Consider that fact duly noted. Now, our usual rundown of funding events, from smallest to largest:

  • AttackIQ raises $44M to help companies manage breaches: It does so in an interesting manner, by simulating attacks themselves. It’s a bit like having a scrimmage match against yourself. The latest AttackIQ deal underscores just how valuable cybersecurity startups have proven to be in recent months.
  • Marco Financial raises $82M to fund LatAm exporters: The Miami-based, trade-focused startup raised $7 million in cash and $75 million in credit to help grow its business. Marco Financial uses a “tech-enabled risk assessment platform” to determine creditworthiness, which is neat. Anything to provide more capital access to more people in more places.
  • Amperity raises $100M, becomes unicorn: What does it do? The startup built a customer data platform to help big companies better understand to whom they sell. As our own Ingrid Lunden reports, the startup is working in a world where some traditional methods of tracking customers — like browser cookies — are fading from our shared reality.
  • Sourcegraph raises $125M for its code-search tool: This is an interesting one. Now worth $2.625 billion — up 3x from its December round — Sourcegraph is on fire. Other reporting indicates that the company could be at around a $10 million annual run rate. That’s, ahem, a healthy multiple.

5 advanced-ish SEO tactics to win in 2021

The days of gaming search engines to drive traffic are long gone. Startups that want to be noticed must invest in producing high-quality content that accurately describes their products and services.

Beyond the basic best practices you’ll find on SEO blogs and newsletters, Mark Spera, head of growth marketing at Minted, offers five “advanced-ish” tactics “to increase your SEO throughput and capitalize on some of the arbitrage still left in organic search.”

Strategy No. 1? Start out by using content-generation tools to automate tasks like creating search-friendly headlines, titles and blog outlines.

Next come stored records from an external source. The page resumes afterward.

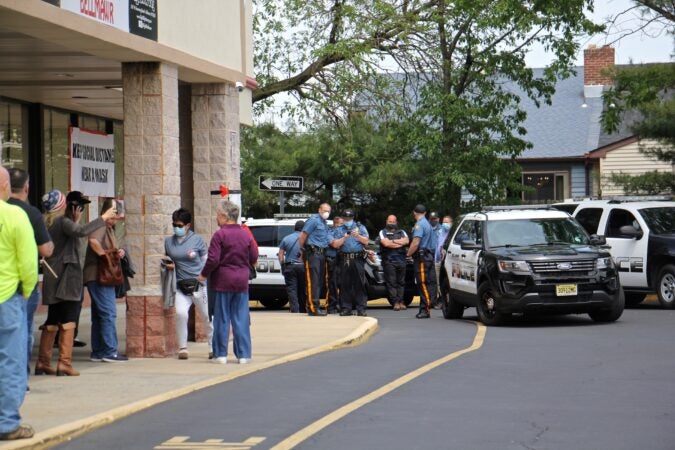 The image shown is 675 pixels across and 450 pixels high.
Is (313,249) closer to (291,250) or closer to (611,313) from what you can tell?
(291,250)

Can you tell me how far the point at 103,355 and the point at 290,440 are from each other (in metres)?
6.39

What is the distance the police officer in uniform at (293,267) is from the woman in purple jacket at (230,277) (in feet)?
30.8

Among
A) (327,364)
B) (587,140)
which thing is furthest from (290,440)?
Answer: (587,140)

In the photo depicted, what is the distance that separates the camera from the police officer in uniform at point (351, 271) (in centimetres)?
2352

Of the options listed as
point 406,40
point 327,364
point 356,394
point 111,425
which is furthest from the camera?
point 406,40

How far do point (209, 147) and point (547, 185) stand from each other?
108 feet

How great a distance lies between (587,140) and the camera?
4934 cm

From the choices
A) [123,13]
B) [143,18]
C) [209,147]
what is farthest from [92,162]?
[123,13]

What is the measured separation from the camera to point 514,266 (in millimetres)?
20219

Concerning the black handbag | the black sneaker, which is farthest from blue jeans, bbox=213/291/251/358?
the black sneaker

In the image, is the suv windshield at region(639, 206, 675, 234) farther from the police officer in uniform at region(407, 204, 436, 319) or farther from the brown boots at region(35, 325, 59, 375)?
the brown boots at region(35, 325, 59, 375)

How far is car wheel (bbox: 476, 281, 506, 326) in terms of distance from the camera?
68.1 ft

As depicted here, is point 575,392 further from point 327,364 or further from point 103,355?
point 103,355

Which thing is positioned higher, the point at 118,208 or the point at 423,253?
the point at 118,208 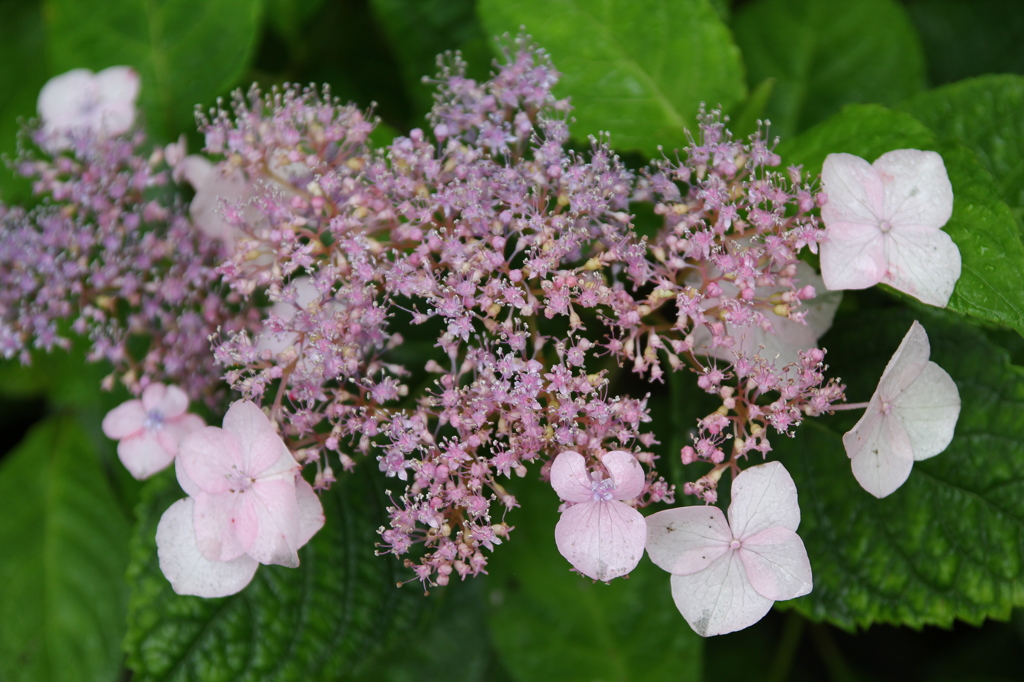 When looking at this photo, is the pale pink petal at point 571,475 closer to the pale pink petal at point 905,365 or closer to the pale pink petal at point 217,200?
the pale pink petal at point 905,365

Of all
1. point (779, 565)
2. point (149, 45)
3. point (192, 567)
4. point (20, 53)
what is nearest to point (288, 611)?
point (192, 567)

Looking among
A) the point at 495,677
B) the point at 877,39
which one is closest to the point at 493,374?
the point at 495,677

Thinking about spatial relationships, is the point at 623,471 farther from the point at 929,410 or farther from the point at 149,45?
the point at 149,45

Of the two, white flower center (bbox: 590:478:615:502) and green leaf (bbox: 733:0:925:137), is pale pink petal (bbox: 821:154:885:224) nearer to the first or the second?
white flower center (bbox: 590:478:615:502)

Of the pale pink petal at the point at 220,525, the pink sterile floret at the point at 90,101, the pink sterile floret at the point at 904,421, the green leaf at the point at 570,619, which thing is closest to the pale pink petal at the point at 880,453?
the pink sterile floret at the point at 904,421

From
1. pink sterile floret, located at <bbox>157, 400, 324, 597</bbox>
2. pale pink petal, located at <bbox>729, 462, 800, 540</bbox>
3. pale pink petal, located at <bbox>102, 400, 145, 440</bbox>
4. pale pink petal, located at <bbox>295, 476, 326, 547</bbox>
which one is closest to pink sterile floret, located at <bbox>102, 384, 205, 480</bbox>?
pale pink petal, located at <bbox>102, 400, 145, 440</bbox>

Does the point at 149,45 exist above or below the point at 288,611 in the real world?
above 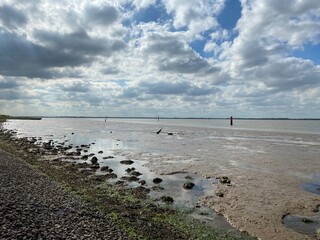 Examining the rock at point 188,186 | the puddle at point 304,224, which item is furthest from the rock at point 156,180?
the puddle at point 304,224

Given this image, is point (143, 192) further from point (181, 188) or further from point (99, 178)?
point (99, 178)

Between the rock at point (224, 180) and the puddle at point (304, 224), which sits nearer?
the puddle at point (304, 224)

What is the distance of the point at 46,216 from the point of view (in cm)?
1195

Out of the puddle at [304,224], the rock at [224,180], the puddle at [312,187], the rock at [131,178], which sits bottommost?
the puddle at [312,187]

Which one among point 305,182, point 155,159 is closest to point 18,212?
point 305,182

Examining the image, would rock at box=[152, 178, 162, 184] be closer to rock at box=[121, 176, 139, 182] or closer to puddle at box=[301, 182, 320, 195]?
rock at box=[121, 176, 139, 182]

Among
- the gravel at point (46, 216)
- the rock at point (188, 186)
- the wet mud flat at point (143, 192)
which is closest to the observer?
the gravel at point (46, 216)

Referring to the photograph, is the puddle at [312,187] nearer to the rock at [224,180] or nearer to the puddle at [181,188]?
the rock at [224,180]

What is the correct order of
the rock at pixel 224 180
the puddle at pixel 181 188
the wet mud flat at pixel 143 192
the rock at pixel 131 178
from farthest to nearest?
the rock at pixel 131 178
the rock at pixel 224 180
the puddle at pixel 181 188
the wet mud flat at pixel 143 192

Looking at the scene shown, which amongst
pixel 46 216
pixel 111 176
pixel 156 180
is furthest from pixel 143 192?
pixel 46 216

“We’ve been able to bring our article-writing process down from four hours per article to around 90 minutes,” writes Spera. “Imagine what you could do with all that time!”

(Extra Crunch is our membership program, which helps founders and startup teams get ahead. You can sign up here.)

Big Tech Inc.

Yes, there was other Big Tech news apart from Apple’s battery pack today. Here’s what you need to know:

  • Discord buys Sentropy: Discord is a big company today, with lots of staff, lots of users and a big valuation. And it just bought Sentropy, a startup that TechCrunch wrote “makes AI-powered software to detect and remove online harassment and hate.” Given that some loathsome groups use Discord here and there, the buy makes sense.
  • Facebook wants to pay bug hunters more: A new Facebook program called the “Payout Time Bonus” may boost fees paid to bug hunters in the social network’s world. The company pays out less per year than some other megacorps, but the gap could tighten thanks to the new effort.
  • ZoomInfo buys Chorus.ai for $575M: Early today news broke that ZoomInfo, a public company, will drop more than half a billy on Chrous.ai, a company that provides sales intelligence tools focused on conversations. It’s related to what Gong.io is building, though Gong remains independent and worth around 13 times as much.